# Exercise directions
Repeat only the stretch of lines below that runs from the line with "Thames & Kosmos" through the line with "2 Roll Braided", unaltered.

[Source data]
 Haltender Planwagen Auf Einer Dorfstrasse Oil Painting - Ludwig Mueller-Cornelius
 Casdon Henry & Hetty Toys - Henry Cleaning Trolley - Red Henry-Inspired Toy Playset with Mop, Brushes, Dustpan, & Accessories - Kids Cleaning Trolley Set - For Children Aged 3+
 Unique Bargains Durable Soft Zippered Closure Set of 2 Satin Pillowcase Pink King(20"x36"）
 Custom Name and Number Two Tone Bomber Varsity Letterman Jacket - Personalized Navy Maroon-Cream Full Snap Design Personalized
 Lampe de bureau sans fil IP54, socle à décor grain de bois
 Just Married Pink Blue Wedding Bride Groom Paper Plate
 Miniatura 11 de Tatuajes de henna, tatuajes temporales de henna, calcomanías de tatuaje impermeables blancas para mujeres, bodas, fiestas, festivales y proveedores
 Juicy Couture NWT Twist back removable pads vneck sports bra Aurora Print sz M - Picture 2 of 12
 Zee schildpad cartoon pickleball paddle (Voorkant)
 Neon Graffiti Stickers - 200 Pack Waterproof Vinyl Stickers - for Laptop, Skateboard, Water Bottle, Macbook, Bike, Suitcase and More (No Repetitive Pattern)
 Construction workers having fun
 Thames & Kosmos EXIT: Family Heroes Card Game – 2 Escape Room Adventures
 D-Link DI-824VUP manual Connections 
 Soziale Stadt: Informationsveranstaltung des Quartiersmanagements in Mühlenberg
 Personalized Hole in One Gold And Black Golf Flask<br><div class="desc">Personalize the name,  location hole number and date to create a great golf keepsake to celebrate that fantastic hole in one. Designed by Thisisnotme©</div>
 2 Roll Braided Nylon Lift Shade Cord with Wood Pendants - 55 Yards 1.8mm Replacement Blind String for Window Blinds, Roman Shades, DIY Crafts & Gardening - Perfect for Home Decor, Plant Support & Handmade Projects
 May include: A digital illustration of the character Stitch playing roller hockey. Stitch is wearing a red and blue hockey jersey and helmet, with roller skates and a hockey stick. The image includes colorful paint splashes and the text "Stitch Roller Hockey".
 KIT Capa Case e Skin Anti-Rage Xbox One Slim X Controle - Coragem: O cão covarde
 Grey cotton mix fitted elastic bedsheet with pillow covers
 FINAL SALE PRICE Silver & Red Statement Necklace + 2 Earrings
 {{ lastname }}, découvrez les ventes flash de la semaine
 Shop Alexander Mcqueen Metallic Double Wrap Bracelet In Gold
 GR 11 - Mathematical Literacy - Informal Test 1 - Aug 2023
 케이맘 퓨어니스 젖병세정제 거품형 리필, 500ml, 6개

# Exercise output
 Thames & Kosmos EXIT: Family Heroes Card Game – 2 Escape Room Adventures
 D-Link DI-824VUP manual Connections 
 Soziale Stadt: Informationsveranstaltung des Quartiersmanagements in Mühlenberg
 Personalized Hole in One Gold And Black Golf Flask<br><div class="desc">Personalize the name,  location hole number and date to create a great golf keepsake to celebrate that fantastic hole in one. Designed by Thisisnotme©</div>
 2 Roll Braided Nylon Lift Shade Cord with Wood Pendants - 55 Yards 1.8mm Replacement Blind String for Window Blinds, Roman Shades, DIY Crafts & Gardening - Perfect for Home Decor, Plant Support & Handmade Projects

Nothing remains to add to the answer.